● **PROVIDED INFORMATION**:

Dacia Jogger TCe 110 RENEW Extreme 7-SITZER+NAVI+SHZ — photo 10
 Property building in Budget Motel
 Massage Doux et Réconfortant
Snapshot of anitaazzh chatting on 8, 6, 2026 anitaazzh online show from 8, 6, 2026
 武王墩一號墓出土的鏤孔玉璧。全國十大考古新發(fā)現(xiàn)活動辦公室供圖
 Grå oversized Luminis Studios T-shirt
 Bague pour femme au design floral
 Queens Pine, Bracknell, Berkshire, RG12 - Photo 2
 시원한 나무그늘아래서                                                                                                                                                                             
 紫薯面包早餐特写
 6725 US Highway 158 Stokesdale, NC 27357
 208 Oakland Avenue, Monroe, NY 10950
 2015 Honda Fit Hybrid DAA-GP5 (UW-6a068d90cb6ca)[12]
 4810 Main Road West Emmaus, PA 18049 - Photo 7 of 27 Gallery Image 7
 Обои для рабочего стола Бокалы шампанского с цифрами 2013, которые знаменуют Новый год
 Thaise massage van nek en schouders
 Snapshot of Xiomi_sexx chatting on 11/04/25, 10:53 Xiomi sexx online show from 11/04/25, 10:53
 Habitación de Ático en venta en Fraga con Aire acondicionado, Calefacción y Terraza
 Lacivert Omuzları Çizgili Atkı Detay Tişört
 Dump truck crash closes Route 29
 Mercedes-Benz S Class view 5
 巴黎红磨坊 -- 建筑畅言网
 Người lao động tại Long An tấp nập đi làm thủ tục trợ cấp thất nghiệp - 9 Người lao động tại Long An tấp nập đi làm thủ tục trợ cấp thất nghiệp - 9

● **BRIEF**: Quote only the stretch of lines that starts the data above and ends with the line containing "4810 Main Road", both included.

● **RESPONSE TO THIS TASK**:
Dacia Jogger TCe 110 RENEW Extreme 7-SITZER+NAVI+SHZ — photo 10
 Property building in Budget Motel
 Massage Doux et Réconfortant
Snapshot of anitaazzh chatting on 8, 6, 2026 anitaazzh online show from 8, 6, 2026
 武王墩一號墓出土的鏤孔玉璧。全國十大考古新發(fā)現(xiàn)活動辦公室供圖
 Grå oversized Luminis Studios T-shirt
 Bague pour femme au design floral
 Queens Pine, Bracknell, Berkshire, RG12 - Photo 2
 시원한 나무그늘아래서                                                                                                                                                                             
 紫薯面包早餐特写
 6725 US Highway 158 Stokesdale, NC 27357
 208 Oakland Avenue, Monroe, NY 10950
 2015 Honda Fit Hybrid DAA-GP5 (UW-6a068d90cb6ca)[12]
 4810 Main Road West Emmaus, PA 18049 - Photo 7 of 27 Gallery Image 7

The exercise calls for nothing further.